WHAT TO DO:
Among the entries that follow, locate the line with "Mercedes-Benz GLB, 2022" and the line with "Brooch Red Stones". Output those lines and all lines in between, exactly, minus the pictures.

━━━━━ AVAILABLE DATA ━━━━━

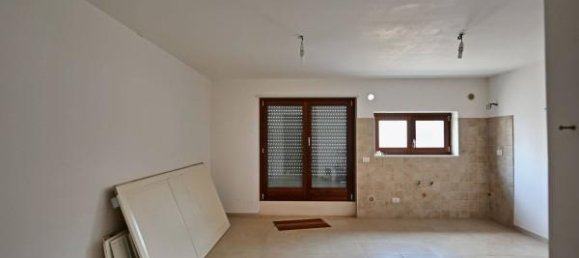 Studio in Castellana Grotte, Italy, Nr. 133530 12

━━━━━
━━━━━ AVAILABLE DATA ━━━━━

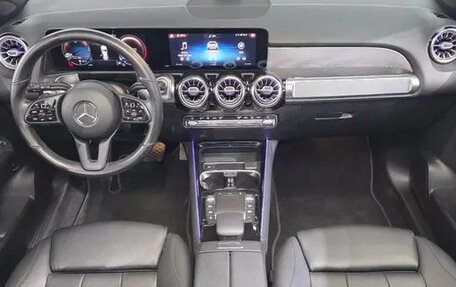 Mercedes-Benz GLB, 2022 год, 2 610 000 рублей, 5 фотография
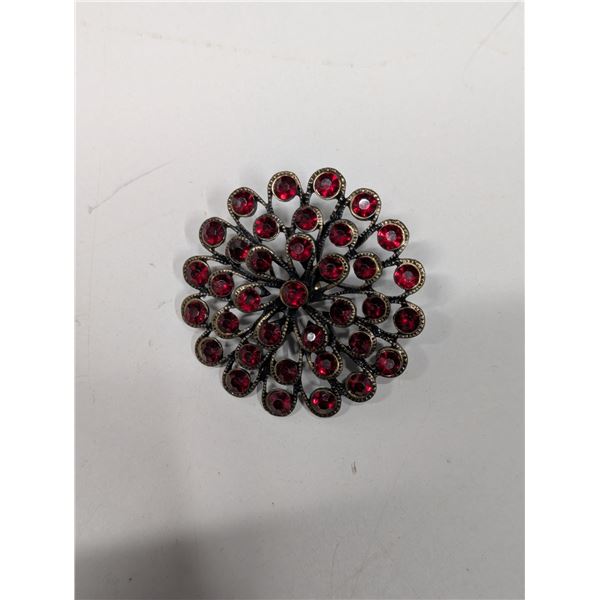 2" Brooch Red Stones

━━━━━

TASK OUTPUT:
 Mercedes-Benz GLB, 2022 год, 2 610 000 рублей, 5 фотография
 2" Brooch Red Stones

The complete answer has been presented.